Even before the event started there was uproar on Twitter about MasterCard giving out tickets to journalists on the condition of positive tweets promoting the event being sent out. Some journalists were more than happy to do this; after all, it got them tickets to an event where they could be within 1 mile of Kylie Minogue and Beyonce, so why wouldn’t you do this? Of course, some journalists actually remember what their role means and decided to flag this up on social media sites. Once the cat was out of the bag, the hashtag #PricelessSurprises was very quickly trending, but not in the positive manner that the organisers had hoped for.

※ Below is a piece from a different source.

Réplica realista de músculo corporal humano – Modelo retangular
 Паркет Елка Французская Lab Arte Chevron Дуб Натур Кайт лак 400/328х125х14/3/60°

You shouldn’t go away from the Brit Awards 2014 thinking that Twitter wasn’t highly involved though. You only had to look at the trending topic of #scottishBowie after The Thin White Duke, via Kate Moss, let slip that he thought Scotland should stick with Great Britain rather than looking for independence. This led to people immediately taking to social media to debate this and, of course, Bowie song titles, albums and phrases were immediately given a Scottish twist. The Man Who Fell To Perth, Fife Years, The Spiders From Deep Fried Mars Bars and Jean Jeanie came from the minds of people looking to engage with others.